The process according to claims 1 or 2, wherein the bobbins are wound onto cardboard cores having a diameter of 38, 50 and/or 76 mm and a length between 400 and 530 mm.
The process according to each one of claims 1 to 3, wherein the position of the movements of the carriage (5) along the guides (10) and (6) is set by microswitches, while the actuation of the various connecting rods that operate in the process, the fall of the cardboard cores from the cardboard core loading assembly (14), their supply in said assembly, and the step for positioning the spindles on the arm (16) are provided by means of pneumatic pistons.

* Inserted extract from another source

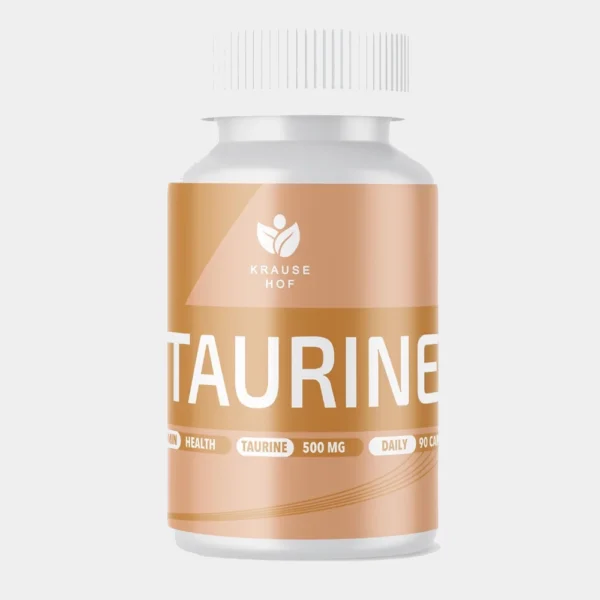 Krause Hof - Taurine 90caps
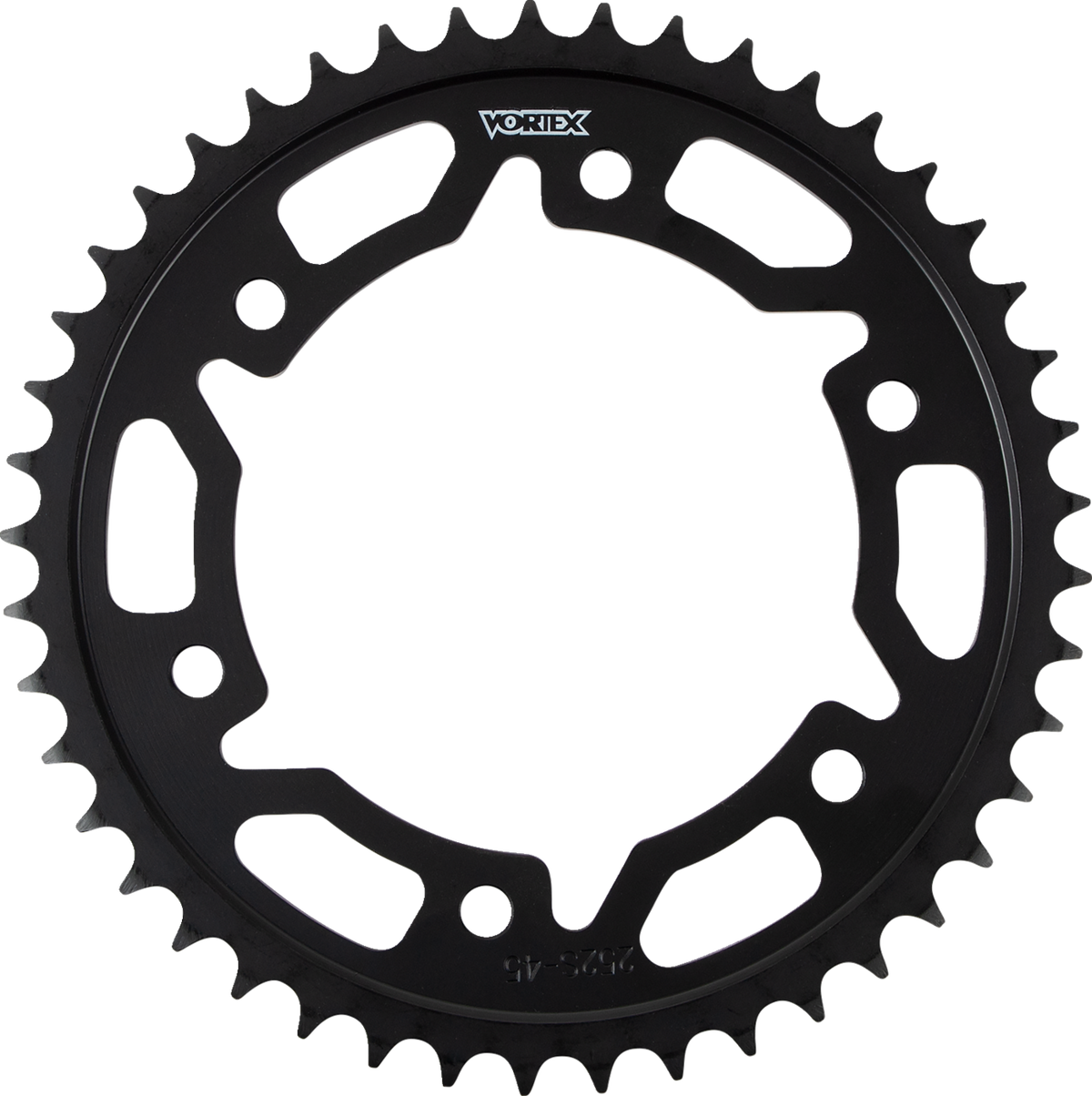 Vortex Steel Rear Sprocket - 45 Tooth - Honda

A machine for winding thermoplastic film according to the process of each one of claims 1 to 4, comprising: a connecting rod (1) for positioning a spindle on which the bobbin (3), wound in contact with the roller (4), is fitted; a carriage (5), which has a horizontal translational motion and a vertical translational motion by sliding respectively on the guides (10) and (6) and performs the movements required to provide the various steps of the winding cycle; an assembly for deflating/inflating the air from and in the spindle; an assembly for supporting the spindle during its extraction from the bobbin (3); a cradle for collecting the wound bobbins and then the cardboard cores for their fitting on the spindles; and an assembly for positioning the cardboard core-spindle assemblies while waiting to start a new cycle.